Lisan-ı hal ile veya söz ile insanlara yapılan şikayetle Allah’a yapılan şikayet arasında fark vardır. Denildi ki; “sabır”; nefsin kahramanlığıdır. Bu söze binaen, bir saat sabretmek kahramanlıktır denilmiştir.
Denildi ki; “sabır”; felaket zamanında kalbin sabit olmasıdır. Sabır ile sızlanma birbirine zıd olup biri diğerinin karşısına çıkar. Nitekim Allah Teala cehennem ehlinden hikaye ederek: “Şimdi sızlansak da sabretsek de bizim için müsavidir. Bizim için bir sığınak yoktur.” (İbrahim/21) buyurmuştur.

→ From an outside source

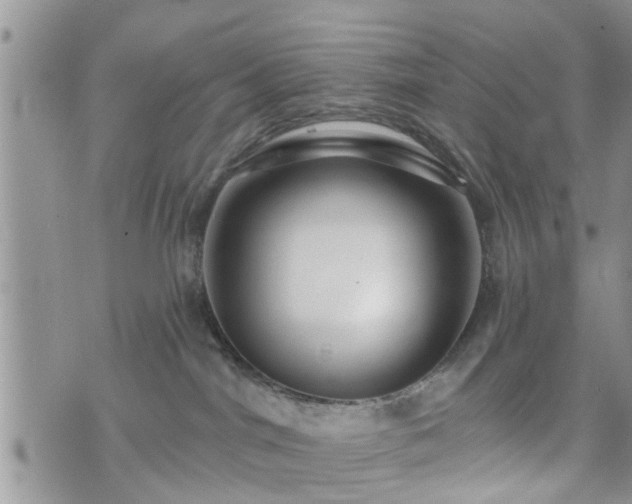 X0000073460044200608041104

“Sızlanmak”, acizliğin arkadaşı ve kardeşidir, “Sabır” ise, aklın arkadaşı ve maddesidir.
Nefs, kulun bineği olup, onun üzerinde ya cennete veya cehenneme gider, sabır ise bu bineğin gemi ve yuları gibidir, eğer bineğin gemi ve yuları olmazsa her tarafa kaçabilir.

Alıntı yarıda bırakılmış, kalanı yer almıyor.